Wechsler has made 24 films – 23 on art and the most recent one about her father, a project 20 years in the making.
After Nahum Glatzer’s death in 1990, Wechsler bought a video camera and filmed a trip she and her mother took to Anne’s native city of Frankfurt am Main in Germany. Wechsler filmed interviews with people who had known her parents in their younger days, and with others who knew the worlds from which her parents had come. She also filmed interviews with former students of her father who had gone on to become major scholars.
When Anne Glatzer died in 1995, Wechsler came into possession of hundreds, if not thousands, of letters between her parents, and began translating them with Ruth Schocken, a close friend of the Glatzers. The translation project is still in progress.
While a fellow at the American Academy in Berlin in 2010, Wechsler did research at the University of Frankfurt archive and the Jewish Museum in Frankfurt. She visited Lemberg (Lviv), the city of Glatzer’s birth, and Bodenbach (Decin), where he attended Gymnasium.
Wechsler’s research assistant, Tamar Avishai, organized the translations by year and scanned and catalogued some 400 photographs and documents.
“I wanted to present my father’s voice and videos of his lectures,” she says. “Doing a film made that possible.” _This film was particularly challenging, she says. “I wanted to evoke the worlds from which my father came, in Eastern Europe and then in Frankfurt, before moving to Palestine, London, and the U.S.,” she says. “I also wanted to find a balance between his intellectual and spiritual journey and his personal life. Unlike films on art, where the image drives the picture, here it was the text above all that had primacy, and I had to find a way to present the ideas on film.”

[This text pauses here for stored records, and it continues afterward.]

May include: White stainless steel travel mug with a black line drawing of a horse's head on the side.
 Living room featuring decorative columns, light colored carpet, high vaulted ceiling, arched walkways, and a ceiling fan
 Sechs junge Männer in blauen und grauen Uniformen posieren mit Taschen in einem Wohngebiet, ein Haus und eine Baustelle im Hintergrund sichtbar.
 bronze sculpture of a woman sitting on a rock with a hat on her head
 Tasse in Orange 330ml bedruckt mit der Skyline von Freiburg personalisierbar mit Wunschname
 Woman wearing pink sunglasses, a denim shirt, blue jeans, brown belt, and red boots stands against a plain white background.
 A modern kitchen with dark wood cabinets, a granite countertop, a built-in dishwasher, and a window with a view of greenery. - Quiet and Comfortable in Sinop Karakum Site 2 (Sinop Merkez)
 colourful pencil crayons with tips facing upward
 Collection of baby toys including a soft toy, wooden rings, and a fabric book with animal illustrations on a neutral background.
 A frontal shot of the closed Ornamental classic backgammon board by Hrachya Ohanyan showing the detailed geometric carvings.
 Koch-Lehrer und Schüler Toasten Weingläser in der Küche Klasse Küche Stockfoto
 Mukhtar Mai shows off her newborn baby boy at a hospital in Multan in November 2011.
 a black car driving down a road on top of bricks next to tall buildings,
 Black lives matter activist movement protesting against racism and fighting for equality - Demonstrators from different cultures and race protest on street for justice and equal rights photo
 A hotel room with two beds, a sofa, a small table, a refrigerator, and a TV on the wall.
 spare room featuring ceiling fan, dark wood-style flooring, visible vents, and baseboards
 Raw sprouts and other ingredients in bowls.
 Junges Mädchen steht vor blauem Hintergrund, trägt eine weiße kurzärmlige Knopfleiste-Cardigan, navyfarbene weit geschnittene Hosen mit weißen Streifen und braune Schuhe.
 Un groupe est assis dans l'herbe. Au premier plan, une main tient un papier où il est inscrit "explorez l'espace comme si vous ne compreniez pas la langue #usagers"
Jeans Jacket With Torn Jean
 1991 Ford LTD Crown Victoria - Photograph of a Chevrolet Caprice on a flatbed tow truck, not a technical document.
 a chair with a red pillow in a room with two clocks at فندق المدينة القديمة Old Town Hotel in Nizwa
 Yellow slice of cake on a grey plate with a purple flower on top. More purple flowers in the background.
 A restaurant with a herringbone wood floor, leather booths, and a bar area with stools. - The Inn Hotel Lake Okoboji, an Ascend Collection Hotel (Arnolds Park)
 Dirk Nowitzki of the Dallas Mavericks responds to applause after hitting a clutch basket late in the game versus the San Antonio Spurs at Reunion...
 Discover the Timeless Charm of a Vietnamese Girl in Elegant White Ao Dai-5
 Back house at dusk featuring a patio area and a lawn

The result, “I Am a Memory Come Alive: Nahum N. Glatzer and the Transmission of German-Jewish Learning,” echoes a line from Kafka, which Glatzer used as the title of the Kafka autobiography he wrote, composed from Kafka’s own writing. (Wechsler says that the Center for Jewish Film at Brandeis, the film’s distributor, has requested that the film be renamed “Nahum Glatzer and the German-Jewish Tradition.”)
The film will premiere on Saturday, Nov. 19 at 7 p.m. at the University of Hartford’s Wilde Auditorium, when Wechsler receives the fifth annual Miller Reel Jewish Woman Filmmaker Award.